Here's my situation: I run a Web-based application on actual hardware (as opposed to a Linode). It was born on my Linode, and the Linode still admirably performs some ancillary work, but the main event graduated to hardware, mostly because the database eats memory for breakfast.

I have backups working okay: all transactions are replicated to another server in real time, and then snapshots are taken every couple of hours.

In light of the recent debacle at 365 Main, I'm concerned about uptime. I'd like to guard against the possibility of the server catching fire, the datacenter losing its network, or what have you.

The "real" solution is to rent a redundant server in a different city. That's fine, but a bit expensive, especially since I don't really expect to have this problem.

Here's an idea: what if a service provider (like Linode?) offered a hot spare service. For example, with 100 customers, have 10 servers worth about $300/month. Charge each one (say) $50/month, and accept a disk image from each. Customers can then deploy their image if they need to, upload the latest database, and incur a (probably fairly steep) daily charge for actually using a server.

Is there some better option I've overlooked? Should I just bite the bullet and get a redundant server? Should I keep one of those "rapid deploy" places on speed-dial? (That would take some time for me to configure, though.) How does anyone else handle this situation?

2 Replies

The problem with redundancy in a different city is that you'll have totally different IP addresses, so you've got to ensure your DNS TTL is set sufficiently low that you can update the DNS to point to the new machine and expect it to propogate.

And hope that Microsoft's "DNS Client" doesn't break (again) and cache the old value for ever (Windows will do DNS without "DNS Client"; that's merely a broken cache tool that's enabled by default).

In this case you might as well do warm standby's yourself; just get a second linode at the other datacenter and then "mirror" your install. For a real database (such as postgres) you could perform "log shipping" and so the standby database would be (say) 5 minutes stale. I've no idea how to do similar on mysql or lightweight databases. The HTML side could be rsync'd regularly. Your DR linode need not be as high spec as the production one.

If you merely want potential access to a machine at a cheaper cost and hope and pray that the server will be available when you need it… I've worked in companies that did offsite DR that way, but given how cheap linodes are now I wouldn't do it. If linode did have a server explosion or a datacenter caught fire then they'd be too busy fixing things than to be co-ordinating access to the over-subscribed DR server.

@Xan:

Here's an idea: what if a service provider (like Linode?) offered a hot spare service. For example, with 100 customers, have 10 servers worth about $300/month. Charge each one (say) $50/month, and accept a disk image from each. Customers can then deploy their image if they need to, upload the latest database, and incur a (probably fairly steep) daily charge for actually using a server.

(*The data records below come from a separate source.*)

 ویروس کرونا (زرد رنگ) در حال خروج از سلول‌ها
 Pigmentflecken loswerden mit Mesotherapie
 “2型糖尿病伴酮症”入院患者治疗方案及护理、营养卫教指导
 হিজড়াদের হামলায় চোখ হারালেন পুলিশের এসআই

You might want to check into Amazon EC2. It's an on-demand virtual machine service that is pay as you go: $0.10 per CPU/hour, $0.10 per GB bandwidth in, $0.18 per GB bandwidth out. You'll also pay $0.15 per GB per month to store your machine image (plus any other persistent data you want) on Amazon S3.

The caveats are:

1. Amazon EC2 is still in a limited beta, I think for about a year now. They occasionally add customers from a waiting list. I was told back in March that it would out of beta (and presumably open to all subscribers) by the end of the year.

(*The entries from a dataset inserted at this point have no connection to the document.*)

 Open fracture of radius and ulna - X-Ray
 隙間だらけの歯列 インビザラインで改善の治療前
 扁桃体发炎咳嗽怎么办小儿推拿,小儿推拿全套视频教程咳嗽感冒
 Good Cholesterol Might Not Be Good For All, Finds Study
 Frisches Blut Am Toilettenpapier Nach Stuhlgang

2. Amazon EC2 nodes don't seem as reliable as Linode. This could simply be because Amazon is still working out beta bugs that require rebooting their hosts.

3. Setup is more difficult. Amazon provides only Fedora Core 4 images. You're free to use these images as a base, roll your own from scratch, or use other people's images that they make public. I've been tweaking their standard images because there seem to be a number of gotchas with other distributions and I don't trust an image that comes from someone else.

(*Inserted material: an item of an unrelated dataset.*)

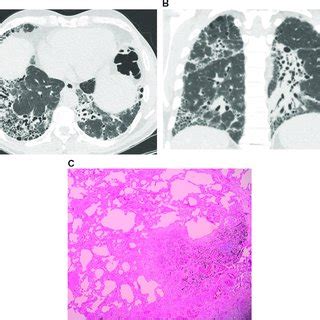 Mages From A Year Old Male With Idiopathic Pulmonary Fibrosis A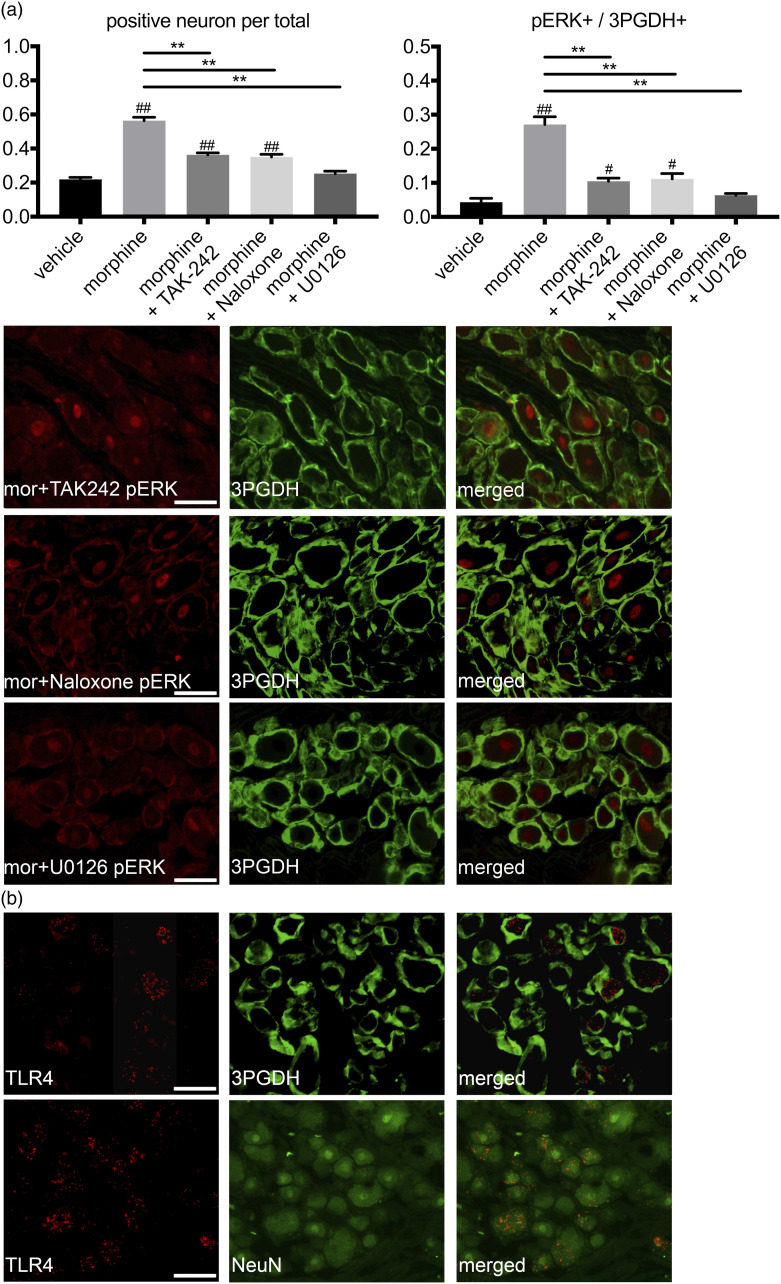 Activation of neurons and satellite glial cells in the DRG produces morphine-induced hyperalgesia.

I think Amazon intended EC2 for distributed computing, e.g. set up your own cluster. I don't think it works so well as a server hosting facility, which is how a lot of people seem to want to shoehorn it. One of the key issues is dynamic DNS - every time you start a machine it gets a new IP, and someone else will get that IP if you give it up. I fully plan to keep my personal server on Linode. EC2 might be a decent fit as an emergency backup server, though.